### Work request
Among the entries below, find each line with "illustration" and show it.

(Records provided)

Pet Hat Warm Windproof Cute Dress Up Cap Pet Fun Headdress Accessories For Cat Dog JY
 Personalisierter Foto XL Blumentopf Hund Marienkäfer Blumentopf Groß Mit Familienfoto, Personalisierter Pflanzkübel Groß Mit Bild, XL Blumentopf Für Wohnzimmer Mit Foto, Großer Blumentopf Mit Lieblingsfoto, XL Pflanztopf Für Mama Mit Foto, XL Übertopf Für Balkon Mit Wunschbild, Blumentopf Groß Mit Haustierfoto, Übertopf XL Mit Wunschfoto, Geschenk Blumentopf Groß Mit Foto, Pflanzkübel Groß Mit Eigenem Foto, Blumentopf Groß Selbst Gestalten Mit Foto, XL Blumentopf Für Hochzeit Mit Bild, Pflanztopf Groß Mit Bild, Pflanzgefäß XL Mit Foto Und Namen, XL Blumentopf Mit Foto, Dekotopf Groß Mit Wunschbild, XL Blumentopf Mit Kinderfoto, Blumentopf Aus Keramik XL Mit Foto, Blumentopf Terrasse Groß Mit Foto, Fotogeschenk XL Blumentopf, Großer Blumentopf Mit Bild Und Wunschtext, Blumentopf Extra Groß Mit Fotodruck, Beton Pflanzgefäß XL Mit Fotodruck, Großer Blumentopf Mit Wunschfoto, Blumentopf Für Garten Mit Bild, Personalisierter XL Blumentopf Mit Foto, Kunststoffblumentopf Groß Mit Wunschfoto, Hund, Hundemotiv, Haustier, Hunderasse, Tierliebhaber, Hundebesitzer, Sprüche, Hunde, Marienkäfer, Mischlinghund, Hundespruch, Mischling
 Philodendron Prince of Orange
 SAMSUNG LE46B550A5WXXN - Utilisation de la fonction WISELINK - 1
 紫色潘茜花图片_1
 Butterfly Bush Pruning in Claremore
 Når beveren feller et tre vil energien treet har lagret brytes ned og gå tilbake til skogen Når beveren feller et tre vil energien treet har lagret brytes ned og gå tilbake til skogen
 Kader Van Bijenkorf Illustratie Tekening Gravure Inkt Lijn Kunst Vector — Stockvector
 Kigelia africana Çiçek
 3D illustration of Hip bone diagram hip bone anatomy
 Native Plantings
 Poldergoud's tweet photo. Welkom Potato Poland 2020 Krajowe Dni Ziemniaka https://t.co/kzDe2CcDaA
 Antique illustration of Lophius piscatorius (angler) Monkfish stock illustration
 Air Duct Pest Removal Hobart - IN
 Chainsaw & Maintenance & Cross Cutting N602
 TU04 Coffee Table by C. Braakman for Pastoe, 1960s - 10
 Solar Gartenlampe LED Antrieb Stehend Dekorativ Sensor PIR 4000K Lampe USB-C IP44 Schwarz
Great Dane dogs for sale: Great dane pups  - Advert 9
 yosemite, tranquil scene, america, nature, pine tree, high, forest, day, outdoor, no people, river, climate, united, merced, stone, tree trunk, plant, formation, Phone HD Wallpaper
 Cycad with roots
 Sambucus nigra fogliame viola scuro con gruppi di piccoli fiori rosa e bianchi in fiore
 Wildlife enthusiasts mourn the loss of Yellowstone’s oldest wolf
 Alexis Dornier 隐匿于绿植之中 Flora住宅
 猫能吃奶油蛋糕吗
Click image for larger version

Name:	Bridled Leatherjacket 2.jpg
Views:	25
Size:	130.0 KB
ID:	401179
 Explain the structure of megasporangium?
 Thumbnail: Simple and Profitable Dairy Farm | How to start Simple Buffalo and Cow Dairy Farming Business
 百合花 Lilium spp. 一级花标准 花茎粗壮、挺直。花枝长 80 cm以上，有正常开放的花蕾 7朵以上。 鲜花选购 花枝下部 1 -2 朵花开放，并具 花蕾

(End Records provided)

### Solution to this exercise
 3D illustration of Hip bone diagram hip bone anatomy
 Antique illustration of Lophius piscatorius (angler) Monkfish stock illustration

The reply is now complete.